Satisfied with our animal encounters, we hopped back in the car and continued toward Lorne. Along the way, we stopped to admire the views at a number of places, including Point Addis, Arley’s Inlet and Teddy’s Lookout.
Lorne is a charming town that sits at the conflux of beach and rainforest. The seaside village is full of bustling cafes, unique boutiques and delicious fish and chips joints. We found it to be the perfect place to grab a bite to eat before heading onward, toward Kennet River.
Prior to driving the Great Ocean Road, I spent a lot of time researching where to see koalas. I’d expected challenges in spotting the eucalyptus-eating fur balls amongst the thickets of trees and wanted to maximize my chances of leaving Australia with at least one sighting.
Yet, though I expected my search for koalas to mirror my unsuccessful attempts at finding sloths in Panama, Kennett River did not disappoint. In fact, we had hardly pulled into the parking lot before spotting our first koala. Within minutes, we found furry friends everywhere we looked.
After nearly filling our memory cards with photos of cuddly animals, we retired at the lovely Eco YHA Hostel in Apollo Bay for the night and prepared for a full day of driving and sightseeing the following morning.
Day Two: Apollo Bay to Port Fairy and Return to Port Campbell
On the second day of our road trip, we drove from Apollo Bay to Port Fairy before doubling back toward Port Campbell. Apollo Bay sits at the doorstep of the Great Otway National Park–a lush, rainforest-covered region with waterfalls, hiking trails and koala-filled canopies.
As we headed west from the Great Otway Park, the landscape began to transform. The winding ribbon of road turned inland, away from the coast. It passed through fields and farmlands for roughly forty kilometers, before cutting back to the ocean and revealing the Great Ocean Road’s spectacular sandstone monoliths.
While the first day of driving along the Great Ocean Road reminded me of the precipitous Highway 101 in Oregon, the second day was characterized by towering rock spires rising out of the sea. From the iconic Twelve Apostles to the Bay of Islands, the foamy ocean is littered with golden rock formations that have been chiseled and sculpted by winds and tumultuous waves. They rise from the turquoise sea, practically begging to be photographed.

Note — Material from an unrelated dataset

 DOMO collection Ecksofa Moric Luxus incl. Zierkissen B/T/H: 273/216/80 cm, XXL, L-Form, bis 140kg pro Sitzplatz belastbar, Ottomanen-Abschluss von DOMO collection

For most tourists, the Twelve Apostles are the undeniable highlight of the Great Ocean Road. And, judging by the size of the parking lot and the visitor’s center, it was pretty evident that many people had skipped the surrounding viewpoints and headed straight to the landmark attraction.

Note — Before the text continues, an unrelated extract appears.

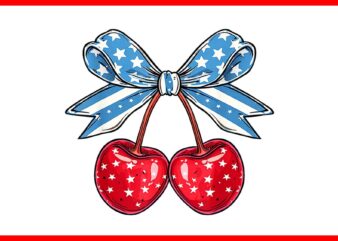 Trendy Cherry Coquette Bow PNG, Coquette Bow 4TH Of July PNG t shirt designs for sale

But skipping the nearby lookouts would be a real shame, for each destination along the road is more incredible and jaw-dropping than the last. Particular sights of interest along the way include the London Bridge, the Loch Ard Gorge, the Grotto and the Arch.
After oohing and ahhing at the marvelous scenery near the Twelve Apostles, we found a budget accommodation option in Port Campbell and spent the late afternoon journeying toward the tiny lighthouse of Port Fairy.
Our main objective along the way, was to visit the Tower Hill Reserve. Tower Hill is a shallow, inactive volcano that contains a crater lake and a scattering of scoria cones. The reserve is free to enter and contains numerous picnic areas and hiking trails. Though small, the park is arguably the best place along the road to see native Australian animals in their natural habitats.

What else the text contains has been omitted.